1. He possesses supernatural power. Christians do not wrestle against flesh and blood. We are not engaged in ‘conflict management’ here. This is a personal contest to the death against the one who has brought down a third of the stars in heaven with a sweep of his tail (Rev. 12:4), and wounded such children of God as Adam, Noah, Moses, David, Peter, and a vast multitude of others. How foolish I would be to think that I alone am exempt from his attacks or immune to his powers! His plan is to sift us like wheat, and to devour us (Luke 22:31 and 1 Peter 5:8). And in addition, he is capable of transforming himself into an angel of light. (2 Corinthians 11:14)

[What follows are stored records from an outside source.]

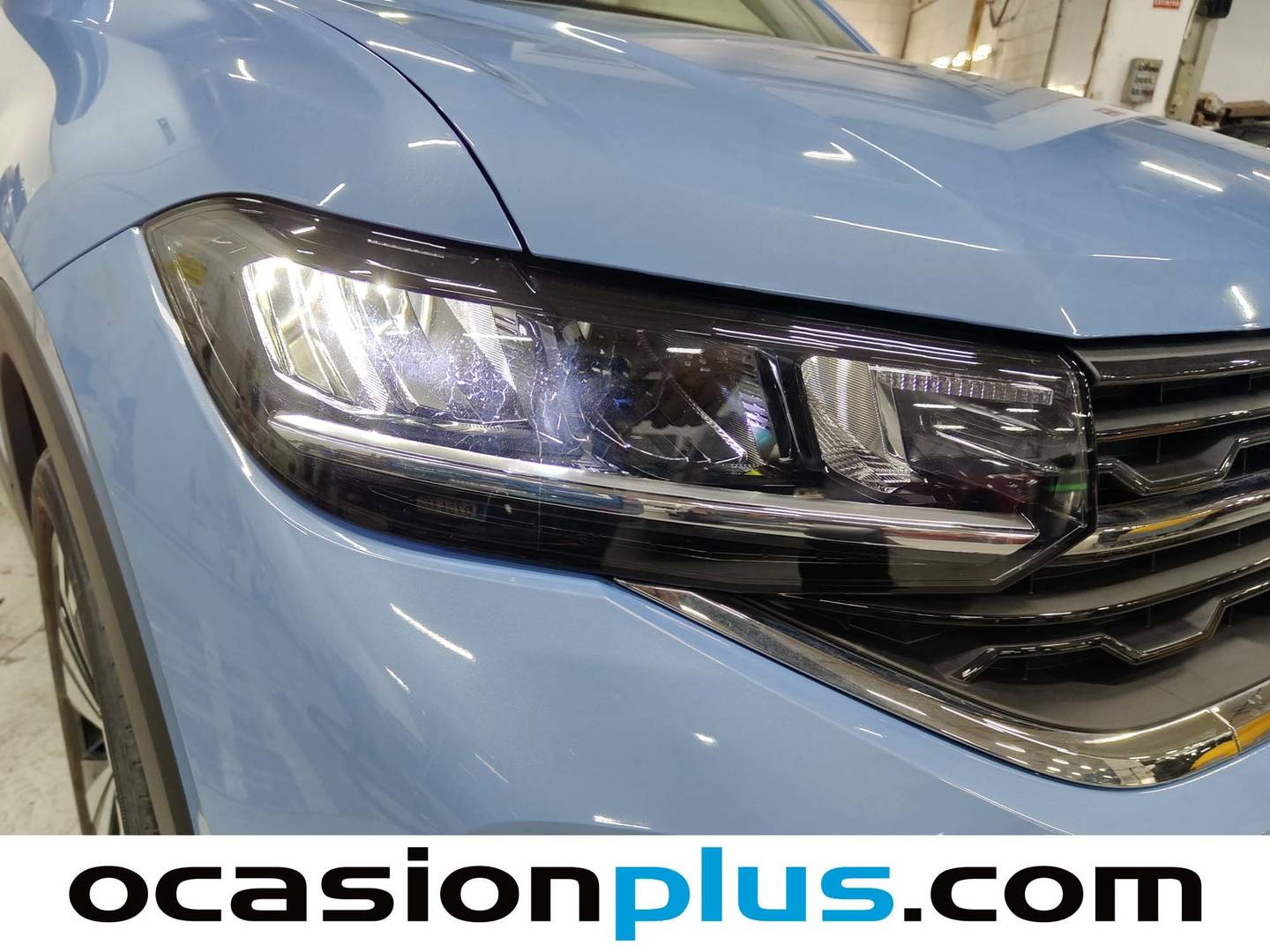 Acabados Volkswagen T-Cross Volkswagen T-Cross ``Más`` 1.0 TSI  (116 CV)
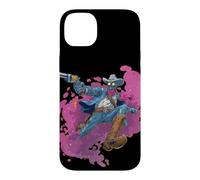 Cool Adventures Costume with this Space Cowboy Case for iPhone 14 Plus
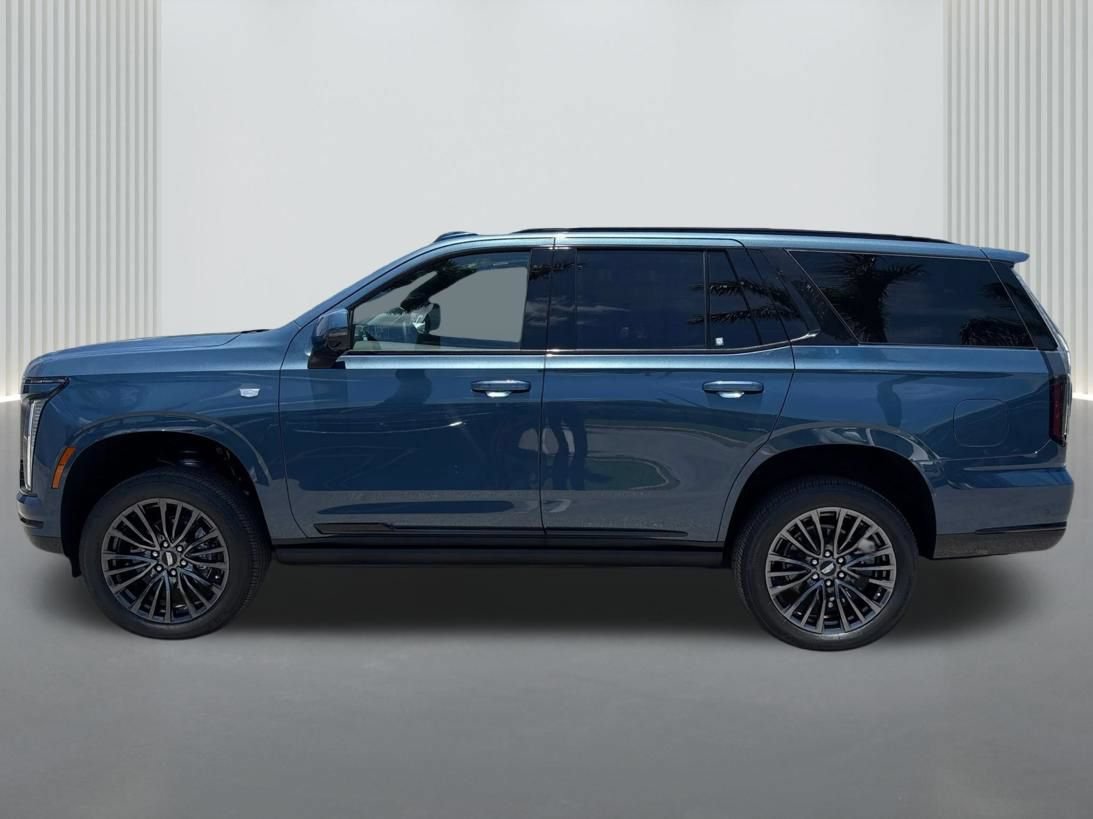 New 2026 Cadillac Escalade Platinum Sport AWD/4WD image 7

What do we need to be able to do to overcome him? There is, ultimately, only one way to stand and to win: ‘They have conquered him by the blood of the Lamb and by the word of their testimony, for they loved not their lives even unto death’ (Rev 12:11). Unreserved faithfulness to Christ is a prerequisite for enlisted soldiers in the King’s army, the church militant.
This is further stressed by Paul in the way in which he notes that:
2. He employs an organized strategy. Paul speaks about his schemes (Eph 6:11), his expert methods, his craftiness, and duplicity. (He will tell us a hundred true things, wrote the Puritan William Bridge, in order to get us to listen to the one hundred and first thing he says – the lie by which he traps us).

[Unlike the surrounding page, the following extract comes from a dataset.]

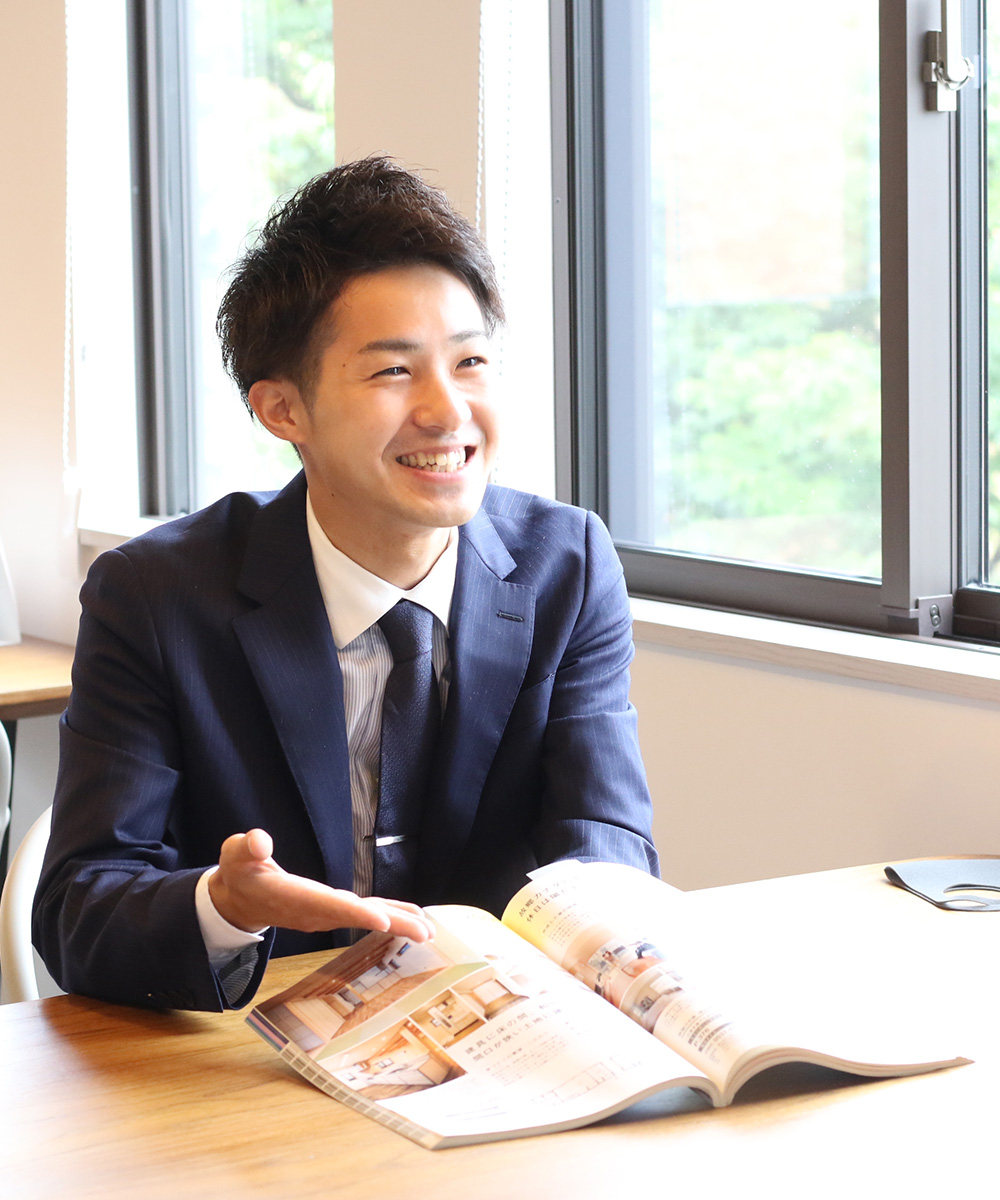 提携不動産会社による圧倒的な情報数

It would be a mistake to analyze too closely the terms Paul uses: rulers, authorities, powers, forces. These terms suggest that Satan’s powers are well and strategically organized. Moreover, his strategy is sinister (this present darkness), wide ranging (cosmic) and spiritual. His methods range from confrontation to deceit, ambush to conflagration (a destructive fire), and accusation to intimidation.
The Devil is called Apollyon (Rev 9:11). As is his name, so is his nature: he is the Destroyer who seeks to destroy. Since he hates God, he hates those who love God and hates their enjoyment of God. In his cross-hairs he is always focusing on the destruction of these five things: (1) The Word of God and its reliability; (2) The character of God and his generosity; (3) The righteousness of God and his absolute dependability; (4) The enjoyment of God and its abundant pleasures; (5) The fellowship of the people of God and its harmony and unity.
Be on your guard, therefore, Paul is saying. Satan is a deceiver, he is an accuser, he is a destroyer, he is a liar, and he is a blackmailer. Be strong in the Lord and in the strength of his might (Eph 6:10).
Is this the reason Paul’s questions at the climax of Romans 8, in which he challenges all the powers that might overwhelm the Christian, all begin with ‘Who’ rather than ‘What’?
Who [not, What] can be against us?
Who [not, What] can bring any charge against us?
Who [not, What] can condemn us?
Who [not, What] can separate us from the love of Christ?
The answer to the question ‘Can Satan … ?, is, ‘for those in Christ’ No! We are more than conquerors through him who loved us’ (Rom. 8:37).
In Christ alone we stand – even in, indeed especially in, the evil day.
My additional note from John W. Hendryx
John Hendryx states, As evangelical faith becomes secularized, its interests have been blurred with those of the culture. The result is a loss of absolute values, permissive individualism, and a substitution of wholeness for holiness, recovery for repentance, intuition for truth, feeling for belief, chance for providence, and immediate gratification for enduring hope. Christ and his cross have moved from the center of our vision.